In amending the Complaint, Plaintiffs add that Movants advertised the Event on www.eventbrite.com; that Plaintiffs saw Movants advertisement for the Event on that website; that Bocuzzi, Flourish, Passeri, and Total Wine were in a joint venture or partnership to host the Event; that the advertisement for the Event was targeted toward women only; that Frye emailed Defendants regarding the advertisement and was told that the event was for women only; and that Defendants, through a True Wine employee, denied Plaintiffs access to the Event. (FAC ¶¶ 15-20, 26.)

These additions adequately inform Movants of their alleged participation in the events constituting Plaintiffs’ First Amended Complaint and remedies the lack of clarity in the Complaint.

Next, Movants argue that Plaintiffs fail to include additional emails from Bocuzzi informing Frye of all of Movants upcoming events, including those intended for just women. However, as these emails are neither attached to the First Amended Complaint nor judicially noticeable, it is improper for the Court to consider them on Demurrer.

Next, Movants contend that the First Amended Complaint contains no allegations as to St. George’s involvement in the Event. However, Plaintiffs allege that both Plaintiffs were denied entry to the Event. (FAC ¶¶ 25-26.)

Next, Movants contend that Bocuzzi cannot be held liable under Unruh, as Unruh applies only to “business establishments,” and an individual cannot constitute a business establishment. However, the FAC alleges that Bocuzzi does business as business establishment Flourish. (FAC ¶ 4.) As the term “business establishment” must be interpreted “in the broadest sense reasonably possible,” this allegation is sufficient to establish liability as to Bocuzzi at the pleading stage. (See Doe v. California Lutheran High School Association (2009) 170 Cal.App.4th 828, 837.)

Next, Movants contend that the First Amended Complaint does not allege that Plaintiffs were denied entry into the event, or that they were in any way treated differently based on their gender. However, the First Amended Complaint alleges that when Plaintiffs asked whether they could attend the Event, they were told by a Total Wine employee that “the event was for ladies only.” (FAC ¶ 26.) Accordingly, the FAC alleges that Plaintiffs were denied access to the Event based solely on their gender.

Finally, Movants argue that for Plaintiffs to successfully state a claim under Unruh or Civil Code section 51.5, they must allege “that irrelevant differences between men and women were emphasized and that stereotypes were perpetuated.” Movants cite to Cohn v. Corinthian Colleges, Inc. (2008) 169 Cal.App.4th 523 to support this contention.

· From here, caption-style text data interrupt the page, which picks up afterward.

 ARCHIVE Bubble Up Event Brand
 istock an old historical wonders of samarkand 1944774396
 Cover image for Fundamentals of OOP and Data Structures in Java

However, Cohn was decided on summary judgment, following discovery, and the Cohn Court explicitly noted that “[t]he intent analysis must be individually applied to the particular facts present.” (Cohn at p. 530.) Here, unlike Cohn, the facts relevant to Movants’ alleged decision to exclude men from the Event have not been established, and therefore the Court cannot rule on that matter at the pleading stage as a matter of law.

Accordingly, Movants’ Demurrer to the First and Second Causes of Action is OVERRULED.

B.   Third and Fourth Causes of Action

Next, Movants demur to the Third and Fourth Causes of Action for Violation of Civil Code Section 51.6 and Negligence, respectively. Movants note that these causes of action were added following the Court’s granting of limited leave to amend so that Plaintiffs could add details regarding Defendants’ relationship to the events in question. Movants contend that Plaintiffs exceeded this limited leave by adding the Third and Fourth Causes of Action.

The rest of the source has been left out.